You’d be forgiven if you were expecting a bit of slap and tickle from this Trigon film but in its own way it’s gently subversive and in general its production values lift if above most sex “comedies” of the period.
The plot is developed carefully and there are real, complex characters at the hearts of this: I don’t know where the patience and commitment came from but the end product is touching… and also ambiguous. The nearest we get to some phwoar moments are when Bill (David Sumner), the frustrated husband at the heart of the story, eyes up blonde bombshell Carol Hawkins (here listed as Carolanne Hawkins) but even their interaction has a contribution to the plot: it’s not just gratuitous.
|Bill and Jean's street|
Jean’s desires are more towards her career and getting a balance between work and the demands of motherhood. She’s still planning away after Bill moves on her one night and his efforts at arousal barely distract her from thinking it’s time they got an au-pair.
|The space between them: Joan Alcorn and David Sumner|
As Bill casts furtive glances at Monique’s legs she’s chatting away to Jean in French and awakening a more cosmopolitan side of the house wife. Naturally the children are impressed and it seems they have got lucky.
|Jeana nd Bill welcome Monique|
|Bill can't hide his interest|
Back at the house Monique sends Richard off on a promise and finds Bill waiting up for her… one thing leads to another and with Jean soundly asleep, the two fall into Monique’s bed…
So far so predictable but whilst Bill has a spring in his step at last, there’s a lot more going on than he knows.
|Jean is re-awakened|
Cue a trip to the pub, a dazed, un-consummated liaison with Carol Hawkins and soul searching all round. Time for Monique to step in and make sense of everyone’s feelings over dinner, a crowded bedroom and post-coital considerations on Woolworth’s-procured abstract art…

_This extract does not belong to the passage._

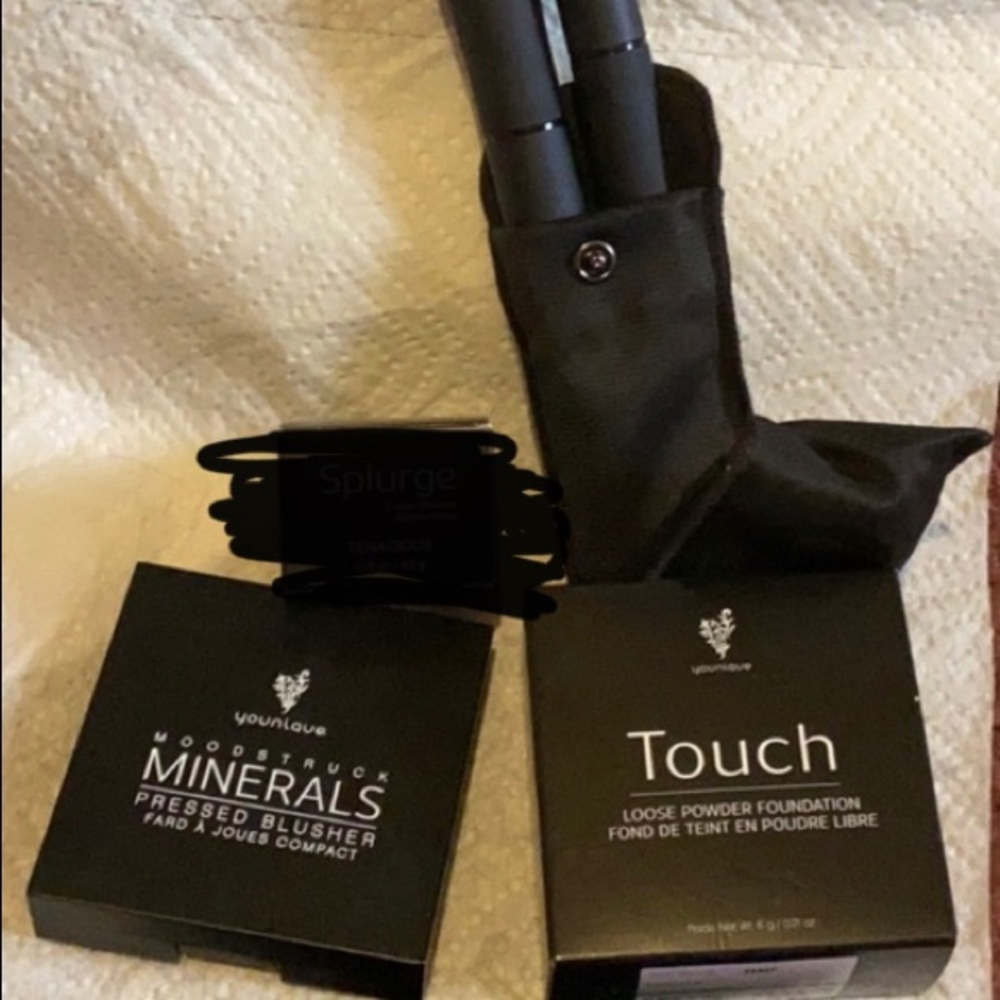 Younique Face Bundle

|Pay attention! Bill's mind is definitely not on the job...|
But there’s something about the ending that suggests Monique has done more than just jump-start Bill and Jean’s marriage… things may never be the same again and Bown leaves more questions than answers in an ostensibly complete ending.
|When was the last time you did something daft?|
The tone is however always light, and whilst not a comedy as such the film has a few smiles to lighten the tone of what could have been a far more serious and consequential story.
There’s fine music provided by Jacques Lousier and his trio (was that a subtle cross-ref?) which sounds almost completely as if it’s from their Plays Bach 3 LP originally recorded in 1959 and therefore not written especially for the film. It is great stuff, one of my favourites from my parents’ music collection and it brings back memories of listening on the radiogram in beige-walled living rooms just like Bill and Jean’s…
Monique has now been re-released on DVD by saucy Screenbound Pictures as part of their “Slap and Tickle” series: don’t believe that hype; there’s more to Monique than meets the eye.